L’espèce humaine put mesurer avec assez de précision que la Terre tournait sur elle-même en vingt-quatre heures et autour de l’énorme masse incandescente du Soleil en environ trois cent soixante-cinq jours. Ces circonstances-là et d’autres aussi singulières étaient en rapport avec la vie de toutes les espèces alors existantes.

Dès l’Antiquité, les philosophes et les penseurs les plus avancés ont cherché la justice sociale. Il n’empêche que l’esclavage physique n’a disparu légalement que voilà à peine cent vingt-neuf ans, quand il fut aboli dans la colonie espagnole de Cuba.

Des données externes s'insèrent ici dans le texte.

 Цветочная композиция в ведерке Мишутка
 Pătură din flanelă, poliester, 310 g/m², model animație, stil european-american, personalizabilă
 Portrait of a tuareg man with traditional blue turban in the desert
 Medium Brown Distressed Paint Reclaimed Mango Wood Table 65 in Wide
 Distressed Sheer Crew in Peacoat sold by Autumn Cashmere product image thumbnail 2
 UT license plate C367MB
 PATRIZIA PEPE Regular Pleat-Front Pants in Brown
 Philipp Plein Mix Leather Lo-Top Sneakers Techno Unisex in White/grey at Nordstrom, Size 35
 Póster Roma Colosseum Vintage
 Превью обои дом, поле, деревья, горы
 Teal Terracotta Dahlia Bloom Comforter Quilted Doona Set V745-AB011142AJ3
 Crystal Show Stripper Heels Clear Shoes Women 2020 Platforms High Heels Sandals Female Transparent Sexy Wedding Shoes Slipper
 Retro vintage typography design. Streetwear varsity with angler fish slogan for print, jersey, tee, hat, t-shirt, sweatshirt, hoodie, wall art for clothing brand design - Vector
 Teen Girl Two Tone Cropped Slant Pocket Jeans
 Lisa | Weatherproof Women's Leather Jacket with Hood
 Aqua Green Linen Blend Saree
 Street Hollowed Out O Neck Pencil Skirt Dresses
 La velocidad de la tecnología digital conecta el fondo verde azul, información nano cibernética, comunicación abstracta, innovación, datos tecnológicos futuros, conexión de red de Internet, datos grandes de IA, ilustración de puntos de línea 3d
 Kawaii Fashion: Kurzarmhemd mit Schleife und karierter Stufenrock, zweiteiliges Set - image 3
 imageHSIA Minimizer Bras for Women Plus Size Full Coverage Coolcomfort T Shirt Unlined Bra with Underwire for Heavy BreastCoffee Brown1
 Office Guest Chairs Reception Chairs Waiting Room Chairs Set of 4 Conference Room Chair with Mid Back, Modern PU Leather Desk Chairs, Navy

La théorie de l’évolution, exposée par Darwin dans son ouvrage L’Origine des espèces, a été, de mon point de vue, l’une des deux découvertes scientifiques les plus importantes. Bien que certains y aient vu un déni des croyances religieuses, aucun scientifique ne la refuse  plus de nos jours, et beaucoup d’entre eux, qui professent sincèrement des convictions religieuses, voient dans l’évolution l’expression de la volonté divine.

L’autre contribution décisive a été la théorie générale de la relativité exposée en 1915 par Albert Einstein, source de nombreuses recherches après la mort de son auteur en avril 1955. Peu de personnes ont influé autant que lui sur les destinées du monde. Einstein persuada Roosevelt d’engager des recherches pour produire la bombe atomique parce qu’il redoutait que les nazis ne prennent les devants dans sa mise au point. Quand Truman fit larguer des bombes atomiques sur Hiroshima et Nagasaki, deux villes japonaises non militaires, ceci le bouleversa tant qu’il se transforma en un pacifiste convaincu. Les États-Unis possèdent aujourd’hui des milliers d’armes atomiques plus puissantes que celles-là, capables  d’exterminer plusieurs fois la population du monde, et ils sont aussi les plus gros fabricants et exportateurs d’armes de toutes sortes.

Le rythme accéléré des recherches scientifiques dans tous les domaines de la production matérielle et des services, sous la pression de l’ordre économique imposé au monde après la Deuxième Guerre mondiale, a conduit l’humanité à une situation intenable.

Notre devoir est d’exiger la vérité. La population de tous les pays a le droit de savoir quels sont les facteurs qui provoquent les changements climatiques et quelles sont les possibilités actuelles de la science d’inverser cette tendance, si tant est qu’elle soit encore vraiment en mesure de le faire.

Le peuple cubain, en particulier sa magnifique jeunesse, a prouvé hier que, même au milieu d’un blocus économique brutal, il était possible de vaincre des obstacles inimaginables.